In conformity with the custom of the period, Scipio Africanus Minor, whose atrocities, in connexion with the siege of Numantia, have branded his name for ever with disgrace, proceeded to make arrangements for a triumph. Instead of feeling a decent shame, he manifested a most unbecoming pride in what he had done; and to identify himself more completely with the horrors of the siege, he took the name of Numantinus. So thoroughly had starvation done its work, that of the few citizens who were found alive, only fifty were in sufficiently good condition to appear in the show got up in celebration of his dishonourable victory.

While Rome was thus extending her arms, she may be said to have been painfully on the stretch; and Scipio, during his consulship, seeing the republic was likely to outgrow its strength, caused prayers to be said for its safety. Rome was certainly in danger, though from a different cause than that which had been apprehended; for the free population had been greatly reduced by war, and the captives, or slaves to circumstances, had been vastly multiplied. The office of the latter was to tend flocks; and they were so thoroughly regarded as a portion of the stock, that they were treated like brutes by their masters.

The system of slavery which existed at Rome, had so much influence upon her fate, and is calculated to afford such an insight into her morals, that the fetters she placed upon others may be regarded as so many links in her history. We will, therefore, break for a moment the chain of narrative, and proceed to a brief consideration of the Roman system of slavery and chains, to which we cannot hope that the attention of the reader can remain long riveted.

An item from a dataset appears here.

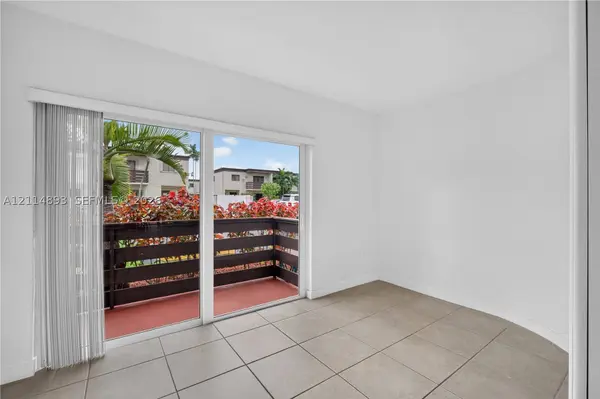 8279 NW 7th St #8279, Miami, FL 33126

According to the strict letter of the Roman law, a master could treat, or maltreat, his slave in any way he pleased, either by death, sale, or punishment. Though the slave could hold no property, he had the power of taking anything he could get, but simply as a medium for conveying it to his master. So thoroughly were the slaves looked upon as articles of traffic, that they were liable to be pledged or put into pawn – a position in which they were the subjects of a melancholy sort of interest.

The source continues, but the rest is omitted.